Well, Kismet sure is pretty.
An Orientalist fantasy that never quite commits to its Orientalism, a musical whose musical numbers are mostly fine, Kismet’s not quite a bad movie, much less a fun-bad movie, but it can’t quite make it to the level of a good movie. Oh, there are some standouts — Dolores Gray, who was clearly underserved by Hollywood, is a charming delight in the Christine Baranski mold, and a young Vic Damone is bright-eyed and innocent in the best possible way. The lovers have chemistry, and the plot is simple enough (think A Funny Thing Happened on the Way to the Forum by way of Aladdin, or maybe the other way around). There are comedic mix-ups and a charming rogue who loves poetry and…
It sure is pretty.
Kismet was a flop, the kind of colorful boondoggle that is unloved by contemporary critics and never gains, or deserves, reappraisal. (It kept reminding me of Elizabeth Taylor’s infamous Cleopatra.) The pacing isn’t quite right, the songs are heavy and over-sung, and it sure doesn’t look any less racist in 2018 than it did in 1955. It’s hard to tell at times what’s deliberately anachronistic and what just indicates that no one cared very much. The script itself has an uneasy balance between fantasy-Baghdad and real-Baghdad that also doesn’t help. (Lebanese-American Jamie Farr appears in a small part as a merchant, one of the few people with lines who fits in with the ‘vaguely Middle Eastern’ setting.)
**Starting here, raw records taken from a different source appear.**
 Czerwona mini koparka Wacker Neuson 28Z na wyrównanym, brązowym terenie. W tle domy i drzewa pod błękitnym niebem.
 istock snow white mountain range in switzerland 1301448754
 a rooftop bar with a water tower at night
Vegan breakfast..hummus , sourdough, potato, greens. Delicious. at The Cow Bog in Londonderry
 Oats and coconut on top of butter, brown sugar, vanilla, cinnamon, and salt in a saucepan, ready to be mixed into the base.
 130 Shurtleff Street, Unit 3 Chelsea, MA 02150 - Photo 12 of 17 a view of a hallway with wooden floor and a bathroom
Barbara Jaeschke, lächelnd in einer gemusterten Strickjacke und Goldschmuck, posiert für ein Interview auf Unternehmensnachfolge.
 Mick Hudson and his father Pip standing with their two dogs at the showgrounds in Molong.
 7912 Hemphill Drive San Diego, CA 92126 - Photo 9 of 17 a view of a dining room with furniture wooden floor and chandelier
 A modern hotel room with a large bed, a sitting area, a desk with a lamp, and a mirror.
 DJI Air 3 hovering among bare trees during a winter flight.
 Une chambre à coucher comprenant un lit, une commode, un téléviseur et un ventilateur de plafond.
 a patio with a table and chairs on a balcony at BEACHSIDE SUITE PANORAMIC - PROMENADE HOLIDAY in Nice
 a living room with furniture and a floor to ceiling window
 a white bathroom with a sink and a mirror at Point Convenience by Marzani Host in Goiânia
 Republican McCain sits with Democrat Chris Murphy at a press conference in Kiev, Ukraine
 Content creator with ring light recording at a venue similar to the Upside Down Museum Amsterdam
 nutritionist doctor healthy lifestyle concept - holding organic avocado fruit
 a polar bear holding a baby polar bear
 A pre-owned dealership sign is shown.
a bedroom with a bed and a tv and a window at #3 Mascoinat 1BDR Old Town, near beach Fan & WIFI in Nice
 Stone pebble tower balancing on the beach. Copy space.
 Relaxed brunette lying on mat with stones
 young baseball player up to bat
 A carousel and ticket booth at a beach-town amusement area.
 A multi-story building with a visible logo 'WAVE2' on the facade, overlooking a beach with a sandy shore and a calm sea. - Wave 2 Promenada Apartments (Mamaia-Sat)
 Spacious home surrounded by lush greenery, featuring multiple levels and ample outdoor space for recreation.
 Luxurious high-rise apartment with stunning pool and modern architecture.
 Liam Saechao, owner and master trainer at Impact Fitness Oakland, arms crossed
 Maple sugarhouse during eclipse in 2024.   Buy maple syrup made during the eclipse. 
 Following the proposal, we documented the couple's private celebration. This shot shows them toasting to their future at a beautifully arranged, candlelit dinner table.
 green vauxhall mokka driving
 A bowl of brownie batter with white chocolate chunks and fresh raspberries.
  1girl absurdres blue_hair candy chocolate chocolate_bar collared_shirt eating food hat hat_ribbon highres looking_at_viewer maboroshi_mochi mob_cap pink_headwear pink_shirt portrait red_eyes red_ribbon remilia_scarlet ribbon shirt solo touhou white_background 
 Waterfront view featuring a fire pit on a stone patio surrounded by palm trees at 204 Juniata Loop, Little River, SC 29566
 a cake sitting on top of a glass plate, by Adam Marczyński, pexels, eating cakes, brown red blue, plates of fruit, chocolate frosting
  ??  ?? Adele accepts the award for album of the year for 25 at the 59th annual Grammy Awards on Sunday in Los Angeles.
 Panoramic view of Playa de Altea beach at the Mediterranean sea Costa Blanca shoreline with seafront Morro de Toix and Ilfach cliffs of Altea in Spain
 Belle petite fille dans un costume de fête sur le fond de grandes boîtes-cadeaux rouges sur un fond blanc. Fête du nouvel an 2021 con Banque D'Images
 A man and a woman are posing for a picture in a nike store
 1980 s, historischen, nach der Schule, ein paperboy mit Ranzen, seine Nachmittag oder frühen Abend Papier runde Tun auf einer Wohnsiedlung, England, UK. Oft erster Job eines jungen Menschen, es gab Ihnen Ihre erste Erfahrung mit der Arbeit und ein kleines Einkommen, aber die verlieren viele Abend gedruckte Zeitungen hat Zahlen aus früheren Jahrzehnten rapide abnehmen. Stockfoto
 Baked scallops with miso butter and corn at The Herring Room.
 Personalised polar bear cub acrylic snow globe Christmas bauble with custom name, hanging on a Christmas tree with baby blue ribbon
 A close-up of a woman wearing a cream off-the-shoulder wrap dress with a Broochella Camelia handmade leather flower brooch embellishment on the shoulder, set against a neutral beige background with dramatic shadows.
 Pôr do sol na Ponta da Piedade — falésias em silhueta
There are reasons for this: Vincente Minnelli didn’t want to do the movie in the first place and only agreed as a condition to do Lust for Life, the production schedule was about half the time for a typical Minnelli musical, and even then Minnelli left the production early to work on the Van Gogh biography of his dreams. The songs aren’t great, and the plots have been done better before and since. It all shows, except in a few good song and dance numbers, Dolores Gray’s wry smile, and in the production design and costuming, which are better than they have any right to be. This is the kind of movie you should project on the wall of the club to a banging Cornershop remix and hope that no one notices that all the white people are wearing weird vaguely mideastern shit in wacky pastel colors.